NERSC Releases Detailed Roadmap to Help HPC Community Address Next-Generation Data Storage Challenges

November 6, 2017

A new report released by Lawrence Berkeley National Laboratory’s National Energy Research Scientific Computing Center (NERSC), “Storage 2020,” provides a detailed roadmap to help the high performance computing (HPC) community address potentially overwhelming data storage challenges over the next decade and beyond.

Storage systems play a critical role in supporting NERSC’s mission by enabling the retention and dissemination of science data used and produced at the center. Over the past 10 years, the total volume of data stored at NERSC has increased from 3.5 PiB to 146 PiB, growing at an annual rate of 30%, driven by a 1000x increase in system performance and 100x increase in system memory. In addition, there has been dramatic growth in experimental and observational data, and experimental facilities are increasingly turning to NERSC to meet their data analysis and storage requirements.

At the same time, the technologies underpinning traditional storage in HPC are rapidly changing. Solid-state drives are being integrated into HPC systems as a new tier of high-performance storage, shifting the role of magnetic disk media away from performance, and tape revenues are slowly declining. Economic drivers coming from cloud and hyperscale data center providers are altering the mass storage ecosystem as well, rapidly advancing the state of the art in object-based storage systems over POSIX-based parallel file systems. In addition, non-volatile storage-class memory is emerging as a high-performance, low-latency media for storage. The combination of these factors broadens the design space of future storage systems, creating new opportunities for innovation but also introducing new uncertainties.

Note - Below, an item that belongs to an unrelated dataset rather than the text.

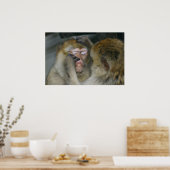 Macaca sylvanus poster (Küche)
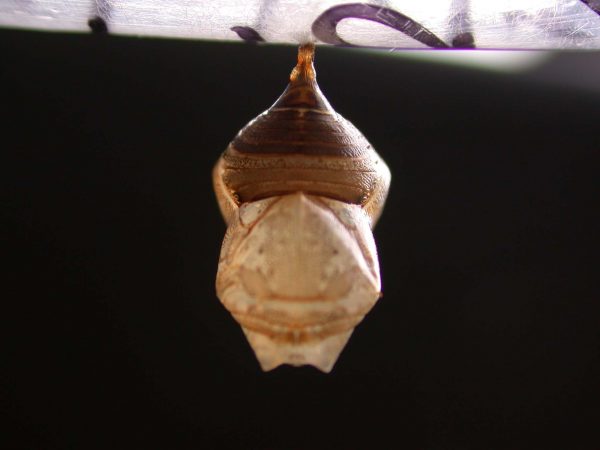 Hyalyris ocna pupa, KRW-58-1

“The future of storage in HPC is getting complicated, and NERSC has published a vision for how all of the new and emerging elements can be most effectively utilized in the next 10 years,” said Damian Hazen, group lead of the Storage Systems Group at NERSC. “Our goal was to provide a roadmap for storage through 2025 that will ensure users can make optimal use of future storage technologies and that those storage technologies will continue to meet the needs of the DOE Office of Science user community.”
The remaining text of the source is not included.